◆ Work item:
When the listing below reaches the line that has "Brown Leather Studded Ankle Wedge Boots", start reproducing exactly; stop after the line that has "vidaXL Hoge kast", and drop the pictures.

◆ Material for the task:
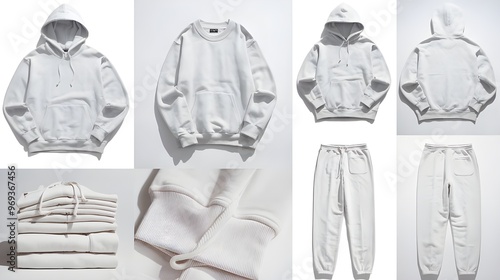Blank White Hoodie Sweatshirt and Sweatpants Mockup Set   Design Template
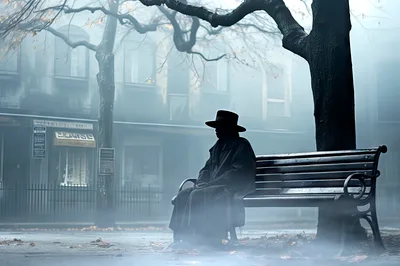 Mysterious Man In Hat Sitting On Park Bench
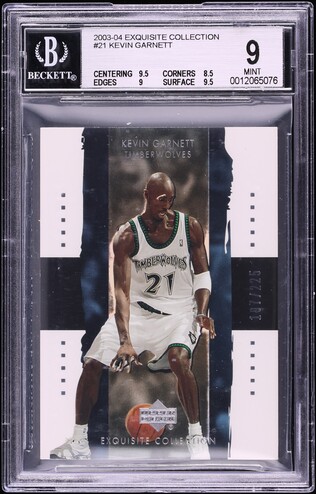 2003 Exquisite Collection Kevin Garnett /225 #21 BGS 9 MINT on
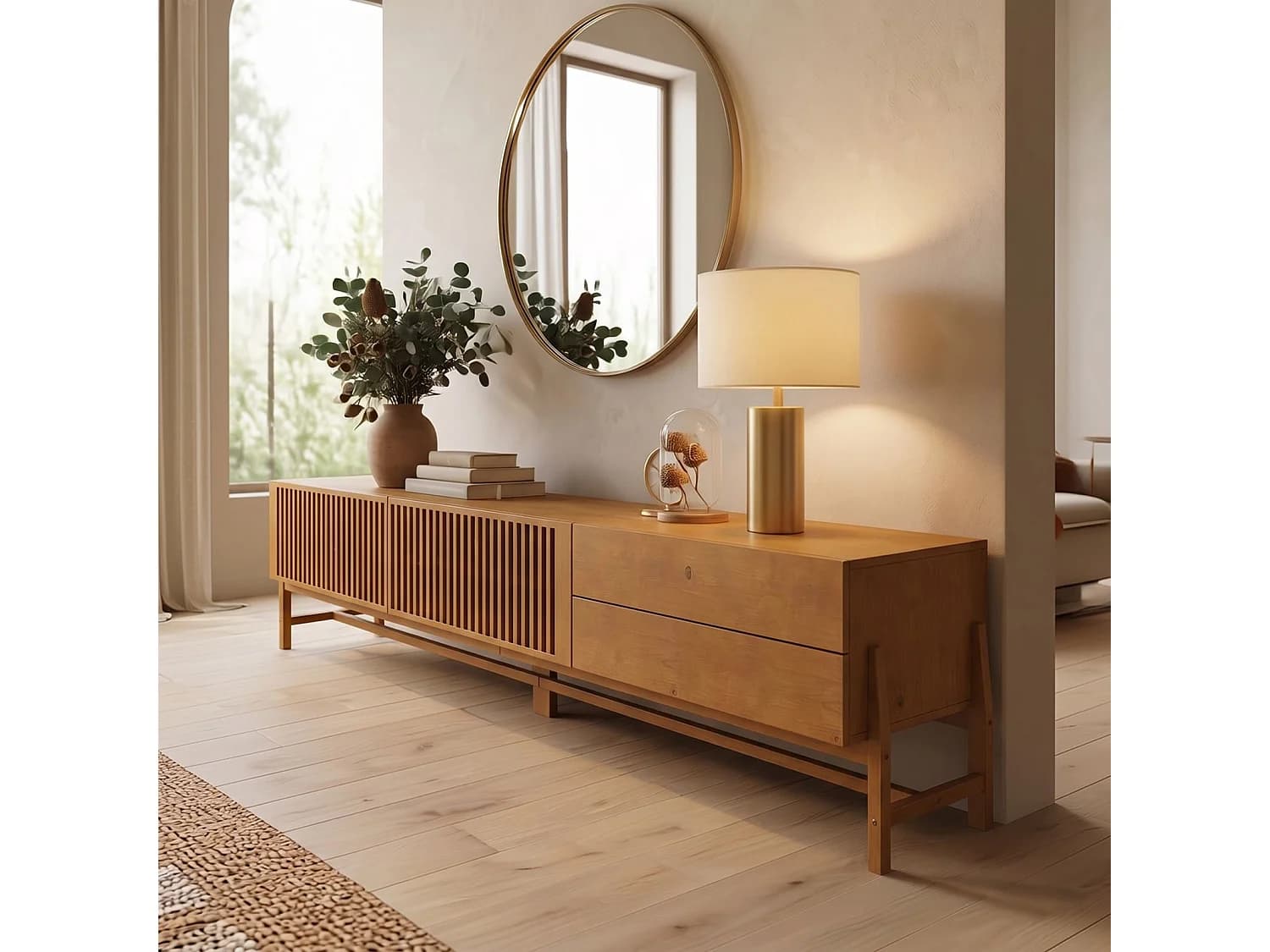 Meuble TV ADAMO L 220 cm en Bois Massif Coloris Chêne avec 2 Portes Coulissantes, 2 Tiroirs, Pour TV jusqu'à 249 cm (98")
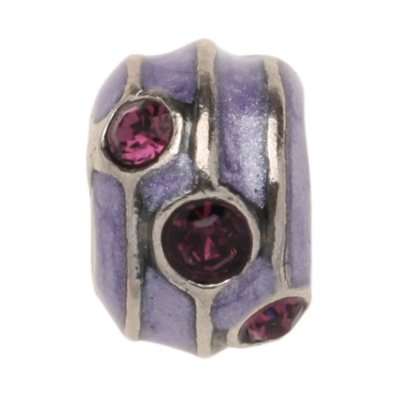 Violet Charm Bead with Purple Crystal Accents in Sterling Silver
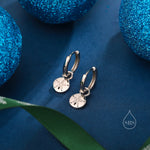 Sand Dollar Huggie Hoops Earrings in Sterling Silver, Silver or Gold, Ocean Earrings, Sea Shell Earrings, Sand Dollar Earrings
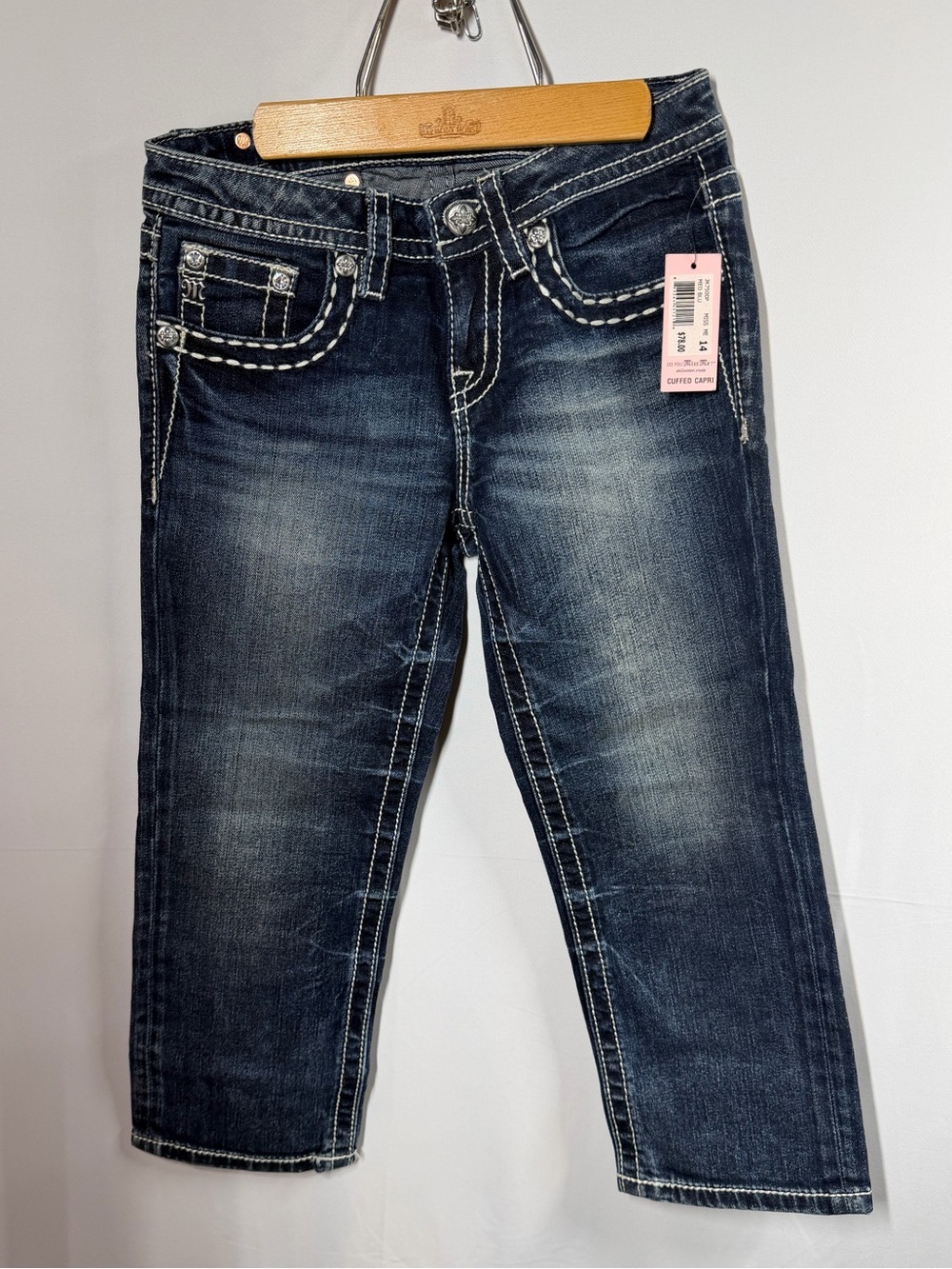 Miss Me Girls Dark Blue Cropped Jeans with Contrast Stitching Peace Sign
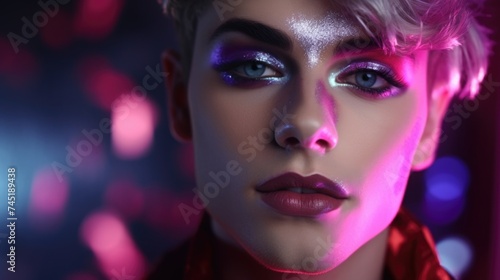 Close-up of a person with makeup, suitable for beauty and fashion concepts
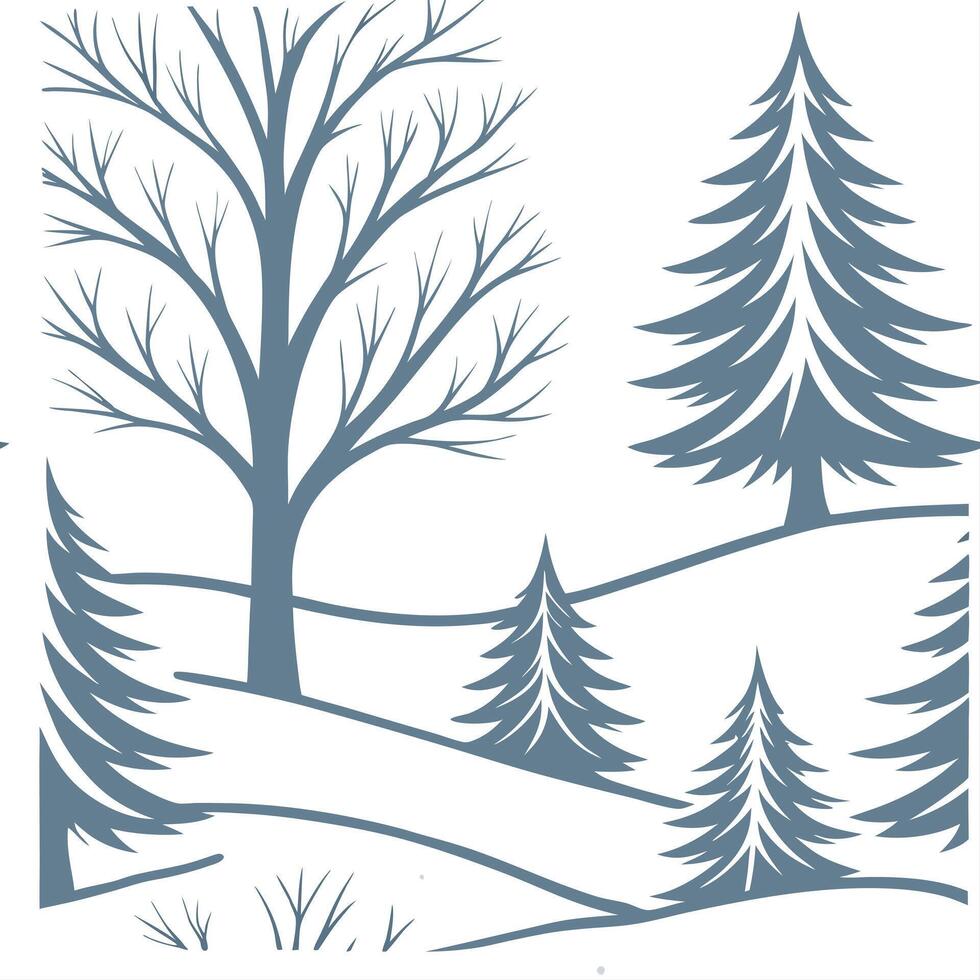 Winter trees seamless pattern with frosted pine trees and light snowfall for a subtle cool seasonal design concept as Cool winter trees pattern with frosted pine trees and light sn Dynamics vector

* * *

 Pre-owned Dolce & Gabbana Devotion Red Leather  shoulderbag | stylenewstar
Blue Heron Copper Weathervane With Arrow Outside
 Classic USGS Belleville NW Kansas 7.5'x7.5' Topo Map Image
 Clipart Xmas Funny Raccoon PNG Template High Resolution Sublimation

* * *

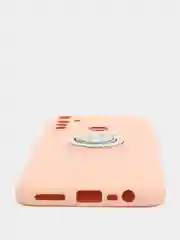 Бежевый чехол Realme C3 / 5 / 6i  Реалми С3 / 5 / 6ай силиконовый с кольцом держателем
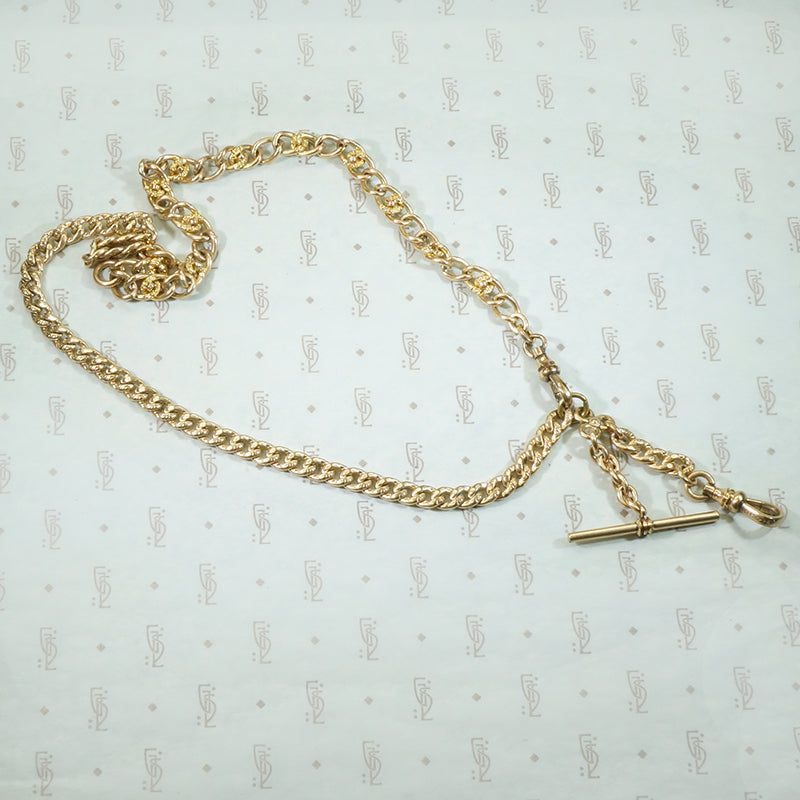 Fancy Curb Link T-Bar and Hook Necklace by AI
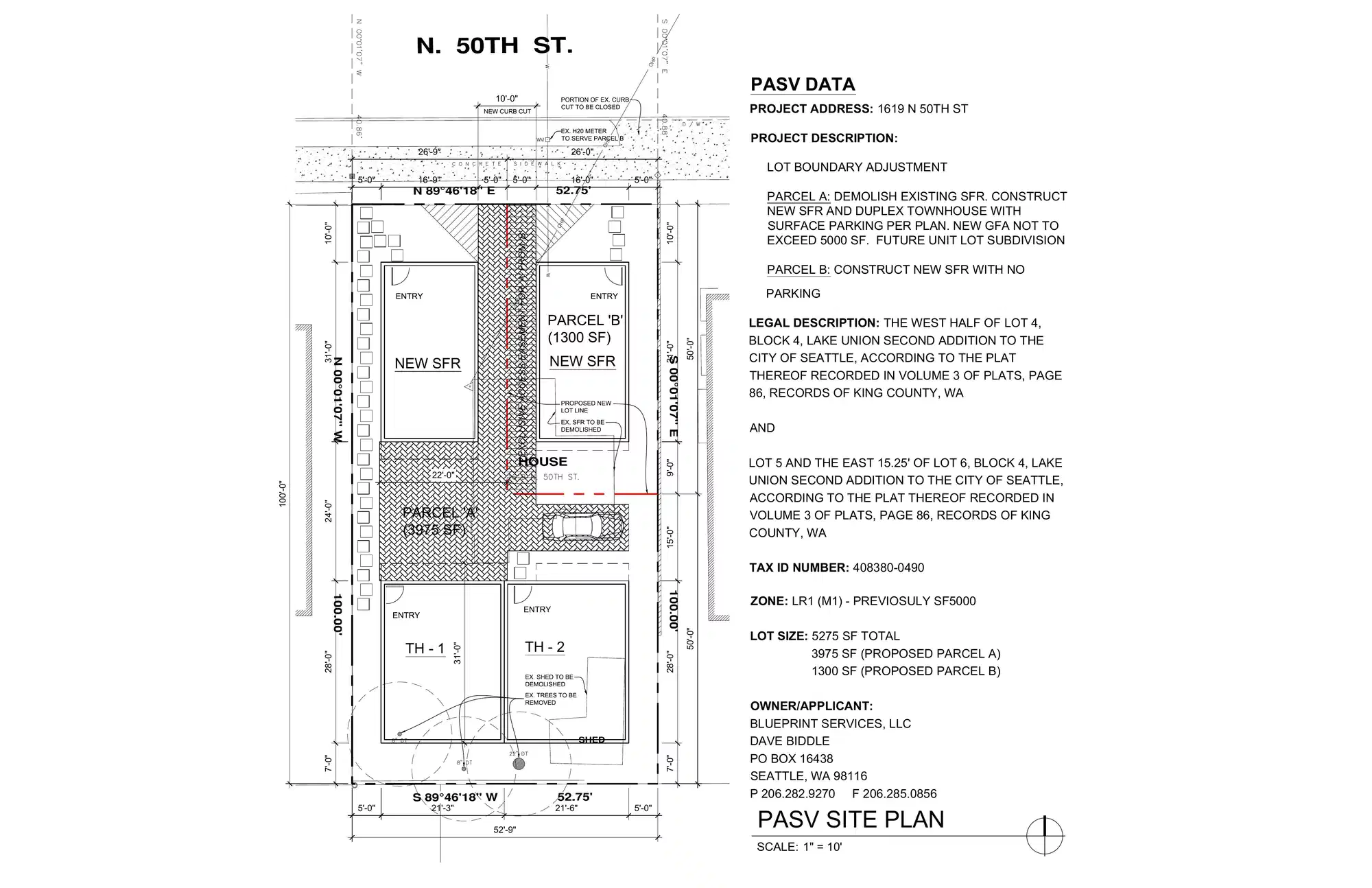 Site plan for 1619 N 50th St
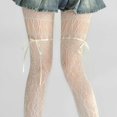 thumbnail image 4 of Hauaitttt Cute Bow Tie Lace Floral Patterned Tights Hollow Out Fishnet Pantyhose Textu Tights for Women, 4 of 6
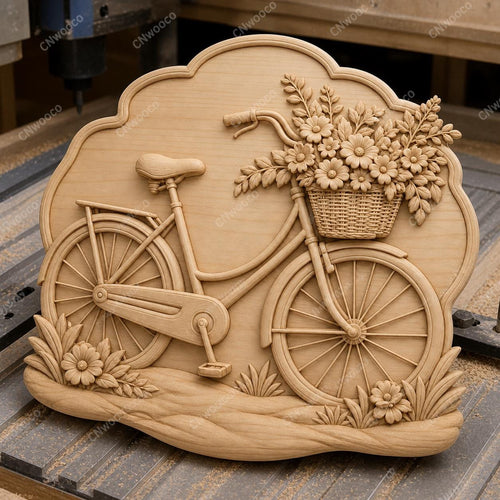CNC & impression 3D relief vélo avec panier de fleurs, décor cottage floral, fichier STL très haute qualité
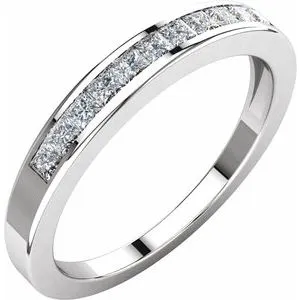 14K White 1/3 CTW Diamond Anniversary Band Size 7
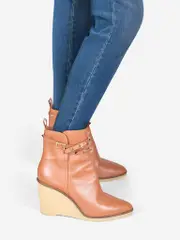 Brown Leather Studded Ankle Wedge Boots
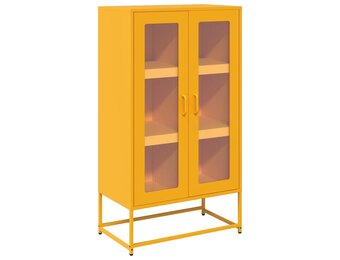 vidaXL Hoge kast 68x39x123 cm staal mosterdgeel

◆ Written response:
 Brown Leather Studded Ankle Wedge Boots
 vidaXL Hoge kast 68x39x123 cm staal mosterdgeel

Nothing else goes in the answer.